▶ Goal of the exercise: Range to repeat from the listing below: the line containing "Google Calendar. This" down to the line containing "Once we give", both included. Copy it exactly, pictures excluded, and add nothing else.

▶ Input:
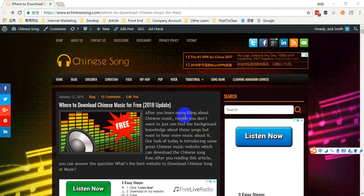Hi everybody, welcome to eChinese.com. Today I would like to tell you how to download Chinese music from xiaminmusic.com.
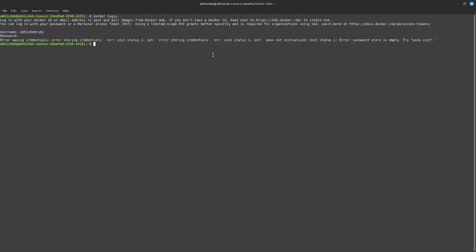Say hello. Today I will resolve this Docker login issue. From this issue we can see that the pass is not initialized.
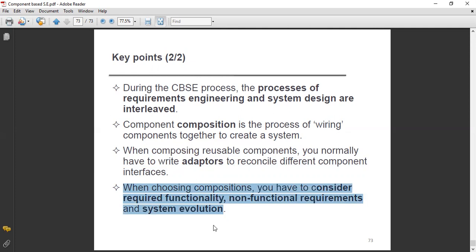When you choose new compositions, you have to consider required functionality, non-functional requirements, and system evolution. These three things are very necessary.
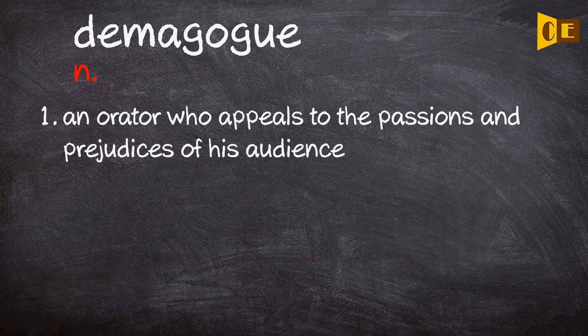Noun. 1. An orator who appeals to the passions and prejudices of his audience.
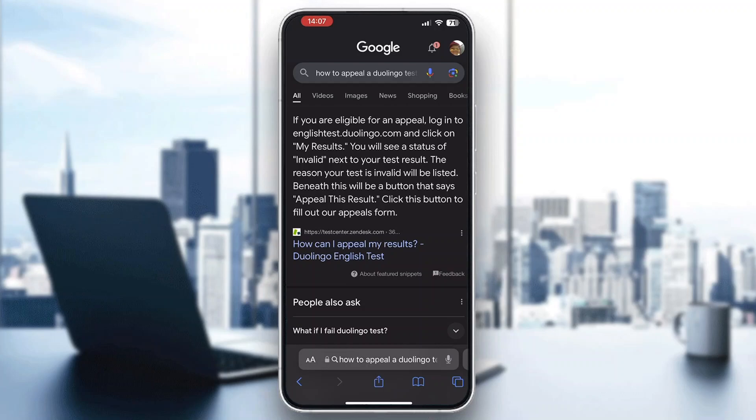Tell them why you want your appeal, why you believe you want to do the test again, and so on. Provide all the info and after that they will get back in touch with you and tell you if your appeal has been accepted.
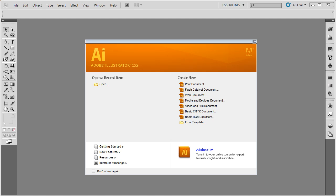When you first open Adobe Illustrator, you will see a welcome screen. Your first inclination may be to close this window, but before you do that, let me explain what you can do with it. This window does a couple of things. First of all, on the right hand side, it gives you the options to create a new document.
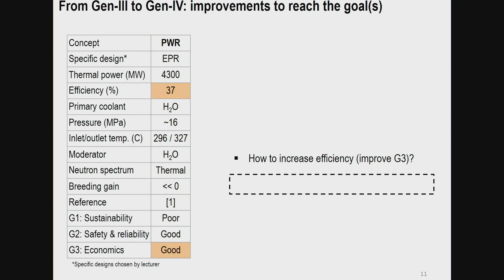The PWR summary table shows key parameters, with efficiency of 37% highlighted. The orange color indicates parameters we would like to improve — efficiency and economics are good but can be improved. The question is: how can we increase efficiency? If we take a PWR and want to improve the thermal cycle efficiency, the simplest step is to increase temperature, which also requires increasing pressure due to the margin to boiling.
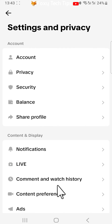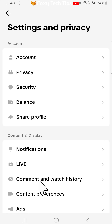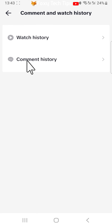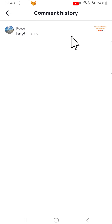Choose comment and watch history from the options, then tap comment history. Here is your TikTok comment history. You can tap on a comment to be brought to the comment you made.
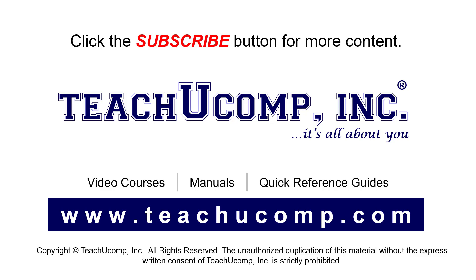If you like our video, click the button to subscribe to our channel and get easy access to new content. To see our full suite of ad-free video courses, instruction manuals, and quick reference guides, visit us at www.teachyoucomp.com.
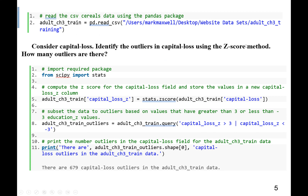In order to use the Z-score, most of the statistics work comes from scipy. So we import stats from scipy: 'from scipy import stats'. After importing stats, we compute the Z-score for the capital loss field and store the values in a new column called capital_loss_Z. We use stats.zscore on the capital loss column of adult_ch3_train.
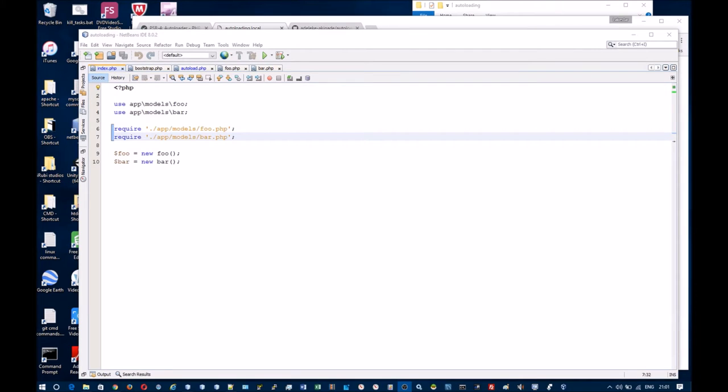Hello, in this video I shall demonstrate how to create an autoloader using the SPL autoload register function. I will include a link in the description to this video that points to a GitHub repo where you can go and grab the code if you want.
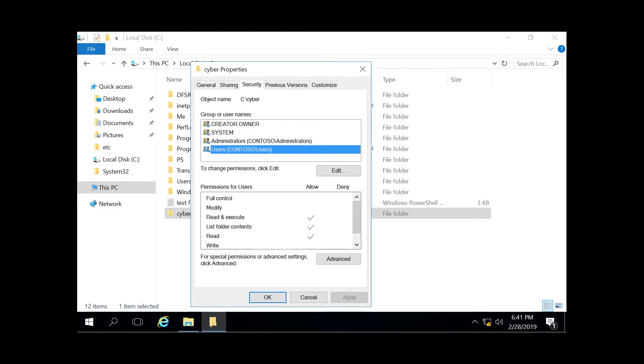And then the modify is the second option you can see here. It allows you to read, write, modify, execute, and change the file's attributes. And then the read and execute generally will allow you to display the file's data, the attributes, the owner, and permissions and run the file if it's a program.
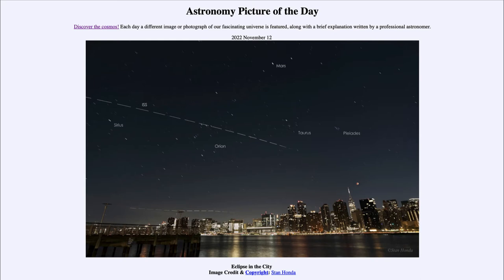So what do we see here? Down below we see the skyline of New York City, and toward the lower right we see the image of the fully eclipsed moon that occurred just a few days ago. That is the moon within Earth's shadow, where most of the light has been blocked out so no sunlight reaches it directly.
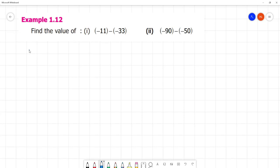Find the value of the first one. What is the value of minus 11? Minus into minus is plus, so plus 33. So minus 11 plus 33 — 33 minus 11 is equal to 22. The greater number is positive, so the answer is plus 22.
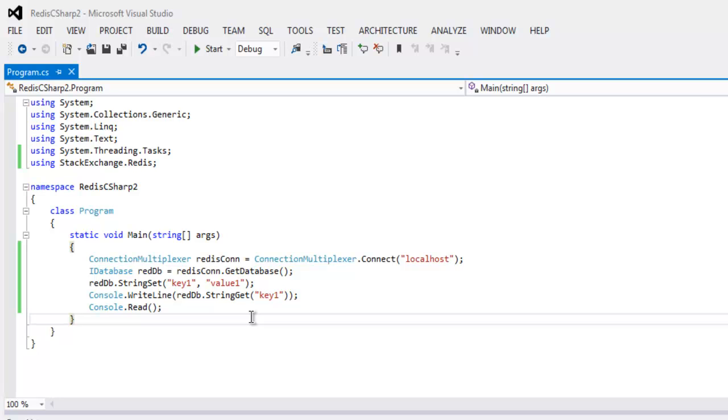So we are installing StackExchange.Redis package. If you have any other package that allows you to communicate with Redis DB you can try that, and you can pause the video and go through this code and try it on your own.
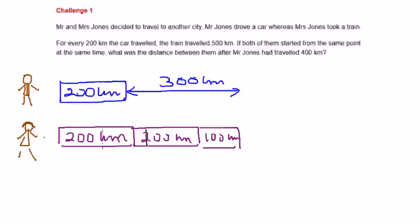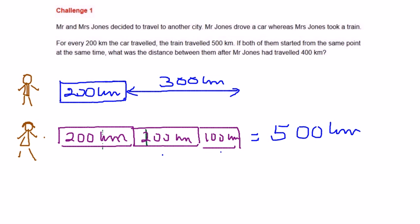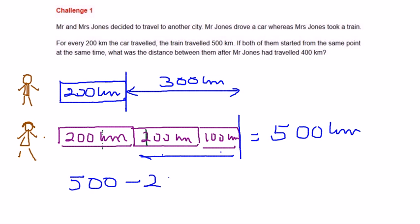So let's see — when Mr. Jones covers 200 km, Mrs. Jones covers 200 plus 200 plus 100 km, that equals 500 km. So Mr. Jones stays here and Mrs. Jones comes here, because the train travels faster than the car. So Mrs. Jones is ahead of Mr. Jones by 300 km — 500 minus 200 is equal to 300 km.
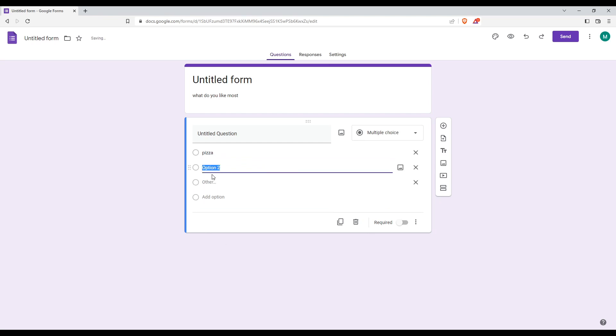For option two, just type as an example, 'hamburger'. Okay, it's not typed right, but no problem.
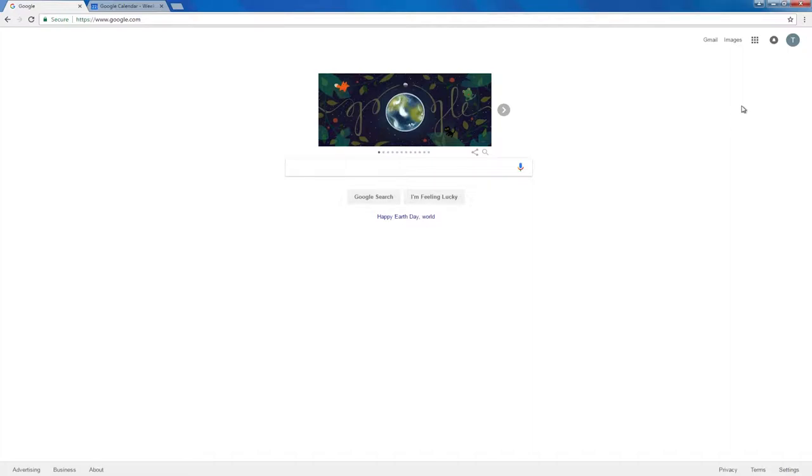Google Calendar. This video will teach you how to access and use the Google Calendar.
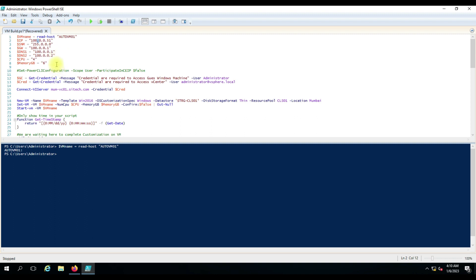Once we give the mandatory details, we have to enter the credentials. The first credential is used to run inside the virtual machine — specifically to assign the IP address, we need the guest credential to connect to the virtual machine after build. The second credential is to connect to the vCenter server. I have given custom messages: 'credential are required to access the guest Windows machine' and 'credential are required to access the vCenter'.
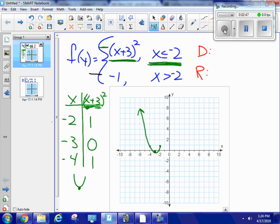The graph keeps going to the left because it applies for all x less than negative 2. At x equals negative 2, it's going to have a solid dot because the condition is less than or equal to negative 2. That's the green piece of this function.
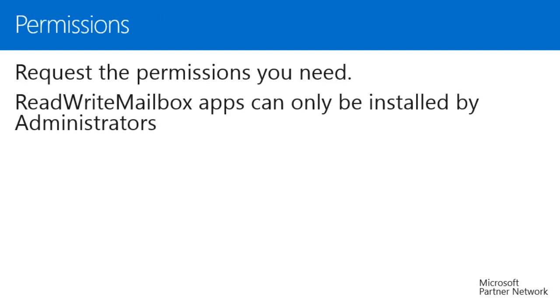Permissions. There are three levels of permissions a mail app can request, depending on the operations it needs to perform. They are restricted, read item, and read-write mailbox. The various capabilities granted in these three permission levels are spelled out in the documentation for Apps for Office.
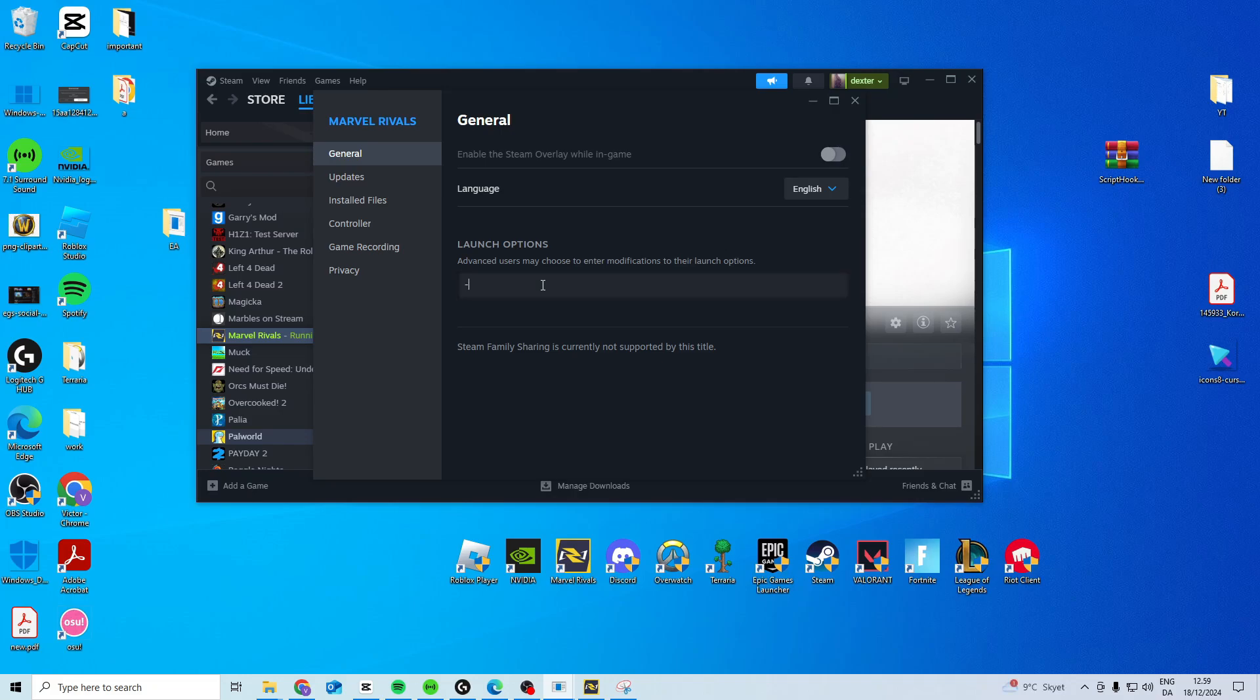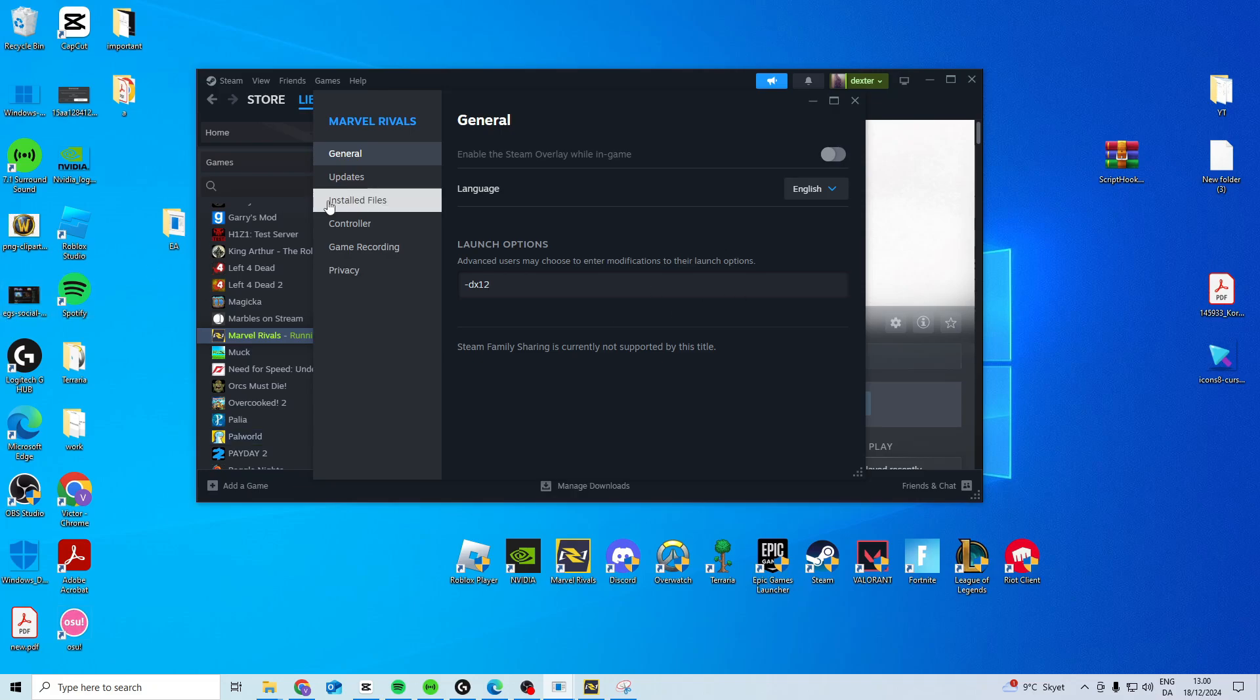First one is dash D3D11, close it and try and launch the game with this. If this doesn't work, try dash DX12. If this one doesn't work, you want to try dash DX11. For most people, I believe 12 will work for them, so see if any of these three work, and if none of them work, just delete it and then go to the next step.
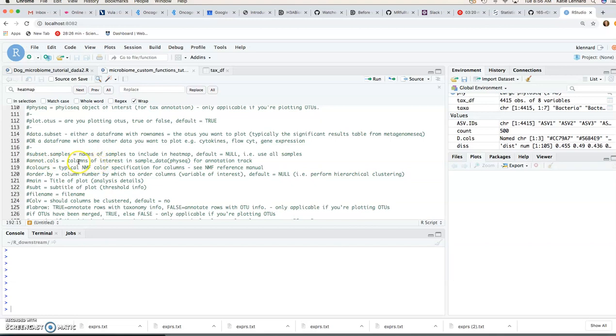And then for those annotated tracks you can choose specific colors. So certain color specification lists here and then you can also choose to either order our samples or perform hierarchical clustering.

▶ Task response:
Google Calendar. This video will teach you how to access and use the Google Calendar.
Once we give the mandatory details, we have to enter the credentials. The first credential is used to run inside the virtual machine — specifically to assign the IP address, we need the guest credential to connect to the virtual machine after build. The second credential is to connect to the vCenter server. I have given custom messages: 'credential are required to access the guest Windows machine' and 'credential are required to access the vCenter'.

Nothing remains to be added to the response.